Things got off to a very nice start, as Jordan Schafer, playing CF and leading off for the much put-upon Lesser Upton, doubled out the gate. This continues a trend we like to call “Jordan Schafer Being Surprisingly Useful For A Change.” Then Andrelton Simmons singled to left. Brian Snikter failed to get a player thrown out at the plate in the first, and things were looking good. 2nd and 3rd, no outs. After Jason Heyward struck out swinging, begging the question of where Jose Constanza might be these days, Freddie Freeman drove them in with a single to right, taking second when Jose Bautista threw the ball to Winnipeg instead of the cut off man. Evan Gattis did the Heyward tango, and it looked like the Brandon Morrow would get out of it with only two crossing, but then Edwin Encarnacion botched a Brian McCann grounder and Freeman scored too. Dan Uggla improved on the Heyward only by making weak contact to 2B rather than K’ing. Still, up 3-0 before you take the field. You’ll take that.

Except then Paul Maholm decided to pitch like Tim Hudson, and after one it was 3-4 Jays. We will not recap how that happened, other than to say that Melky Cabrera was involved, so someone’s child was probably eaten alive.

But then in the top of the second Jordan Schafer Continued Being Surprisingly Useful For A Change and homered to tie it up.

Things calmed down for a bit, or at least as calm as things get in Rogers Center, which is like a boring, antiseptic Coors Field north of the border, only with a ton of drunk, rowdy Canadians in the cheap seats. Maholm was allowing base runners left and right, and Braves not named Jason Heyward would occasionally get hits too, but it stayed tied until Bautista slammed a shot to LF and sent Jays back ahead. That lasted an inning, which are officially measured by how often Jason Heyward makes sad, pathetic looking outs while everyone is complaining about BJ Upton or Gerald Laird instead, until Evan Gattis did that thing he does on the second and third time through the order and crushed one to left to tie it up. And then Brian McCann was totally like “I am SO TIRED OF HEARING ABOUT YOUR GURU SHIT, SON!” and jacked one out to right to take the lead.

But it’s the AL and the DH and Rogers Center and Canada and suck, suck, suck, suck, suck, so of course 5 runs isn’t enough to win it, and you knew that coming in. And while a LH reliever named Brett Cecil mowed through two innings worth of Braves, closing it out with four straight K’s (McCann, Uggla, and both Johnsons), Bautista and J.P. Arencibia** clustered a couple of doubles together and tied it back up in the seventh.

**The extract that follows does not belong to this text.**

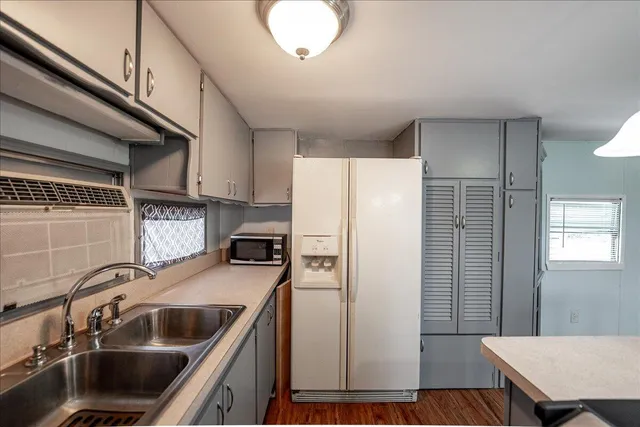 a kitchen with stainless steel appliances a sink a stove a refrigerator cabinets and a dining table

Then it got weird and no one scored again for two whole innings. Bud Selig called to say he was concerned about offense levels and was thinking about adding a second DH to bat 10th, just as an extra guy, in order to keep the kids interested. He then ate a baby himself, but not the same kind of baby Melky ate earlier.

Then in the top of 10, Brian McCann got out a Sharpie and wrote “Dear Yankees, I will look so amazingly good in your lineup next year, won’t I?” to put the Braves up 7-6. That set up the bottom of 10 for Craig Kimbrel to come in and do his thing, by which we mean “terrify you by giving up ropes to left with the tying run on second, but lucky enough to have Reed Johnson out there to chase them down this time.”

Oh well. It’s a win. And now we no longer have to play in Rogers Center again, and the Blue Jays have to figure out which of their defensively horrific sluggers won’t be in the lineup for the next two against the Braves, this time in Atlanta.

Because when you think of the Braves and their “natural interleague rivals,” you mind flashes immediately to Toronto. Eat another baby, Bud.

That was about it really. Gattis continues to crush balls. One of the fantasy baseball tweeter feeds the other day said he’s the only bench player in the game you have to start every day in fantasy, and that’s about right. Brian McCann was the awesome sauce. Jordan Schafer continues to be surprisingly useful. No Upton was harmed in the filming of this event. Jason Heyward looks terrible at the plate. And Brett Cecil is currently your odds on favorite to be the guy Atlanta trades for to fill that black hole left by O’Flaherty and Venters’s elbows.

* I am aware that technically Minnesota is not Canadian, but it’s close enough for me.
** J.P. Arencibia has become a really good player.